Synopsis: Apex is the third book in Ramez Naam's Nexus trilogy of science novels. The book is a directly sequel to Crux and takes place almost immediately after the events of the first book.

A large part of the book has to do with Ling, daughter of Su-Yong Shu and now host to her Avatar, a fragment of her quantum consciousness hidden in Ling's brain. The Avatar has a single mission - to seek revenge for her imprisonment, take down humanity and ensure her freedom. And young Ling is helpless to watch as the Avatar assumes control of her body and the mind of her father and many others. The Avatar is not quite Su-Yong Shu - if anything she seems to be a single-minded aspect of her hate installed in her daughter's brain.

Beyond that, we have our sort of hero Kaden Lane trying to escape to India with the children they had rescued at the end of Book 2. You have Sam, former ERD agent trying to figure out her path forward and dealing with the question if she'll ever embrace Nexus again. And in the US we have Rangan, still on the run from the authorities but still generally committed to Nexus and observant enough to realize that not everything as it seems in the ongoing protests against the government.

Now this book felt particularly ambitious, since it really wanted to explore things on a more global scale versus the very Kaden-centric perspective in the prior books. Kaden is still important in this final chapter, but we also spend an equal amount of time exploring different perspectives and views of the state of the world and the shifting opinions related to Nexus and the rise of other posthuman and transhuman personalities. This aspect to the narrative certainly provides a wider perspective of everything that's going on, and I certainly appreciated the scope of the story.

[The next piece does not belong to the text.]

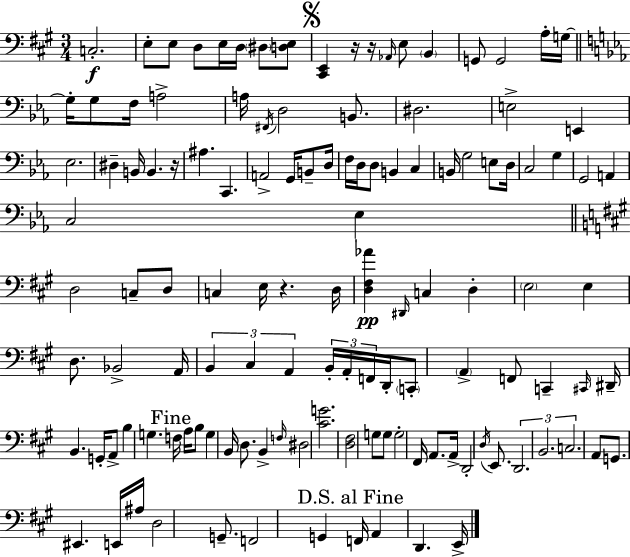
C3/h. E3/e E3/e D3/e E3/s D3/s D#3/e [D3,E3]/e [C#2,E2]/q R/s R/s Ab2/s E3/e B2/q G2/e G2/h A3/s G3/s G3/s G3/e F3/s A3/h A3/s F#2/s D3/h B2/e. D#3/h. E3/h E2/q Eb3/h. D#3/q B2/s B2/q. R/s A#3/q. C2/q. A2/h G2/s B2/e D3/s F3/s D3/s D3/e B2/q C3/q B2/s G3/h E3/e D3/s C3/h G3/q G2/h A2/q C3/h Eb3/q D3/h C3/e D3/e C3/q E3/s R/q. D3/s [D3,F#3,Ab4]/q D#2/s C3/q D3/q E3/h E3/q D3/e. Bb2/h A2/s B2/q C#3/q A2/q B2/s A2/s F2/s D2/s C2/e A2/q F2/e C2/q C#2/s D#2/s B2/q. G2/s A2/e B3/q G3/q. F3/s A3/s B3/e G3/q B2/s D3/e. B2/q F3/s D#3/h [C#4,G4]/h. [D3,F#3]/h G3/e G3/e G3/h F#2/s A2/e. A2/s D2/h D3/s E2/e. D2/h. B2/h. C3/h. A2/e G2/e. EIS2/q. E2/s A#3/s D3/h G2/e. F2/h G2/q F2/s A2/q D2/q. E2/s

At the same time, the book feels just a little bit bloated and becomes a little unwieldy since we have to follow the progress of so many characters all at the same time. And this goes beyond seeing the perspectives of both the heroes and the villains, in a simplistic manner of speaking. Naam made sure to really dive into various view points including government officials for various countries, individuals being held prisoners in the hopes of extracting critical intelligence and all that fun stuff. So it's nice to have access to all these projections of how people might deal with the events of the book, but it also gets a little dizzying.

The prior books really focused on Nexus, NexusOS and how it could expand the consciousness of various individuals. We saw how it became a powerful tool for meditation and they certainly pushed into interesting applications related to learning and reaching out to individuals with special needs. Here we really focused on the prior revelation that Su-Yong Shu was now a powerful artificial intelligence or really a machine translation of a human mind. She had done some significant damage in the prior book given her questionable mental state and now her Avatar is out in the world trying to continue her work. Sure there's also some part of her plans to find a way to free the true brain. But in the short term there's a lot of petty revenge bits as she lashes out and tries to bring the planet to the edge of chaos.

In this regard, the book really does well in terms of illustrating the tools at her disposal and how one might topple world governments through conflict, confusion and intrigue. If anything, the Avatar's plan was all too human in how it tried to take advantage of human quirks and failings - perhaps even her own from her previous life or something.

Despite its almost staggering length, Apex remains quite the compelling book and a brilliant exploration of how such technologies night impact the future world. Sure, we might have individual opinions about how things might go instead, but that's really neither here nor there. So the book gets 4 complex plans set in motion by the Avatar out of a possible 5.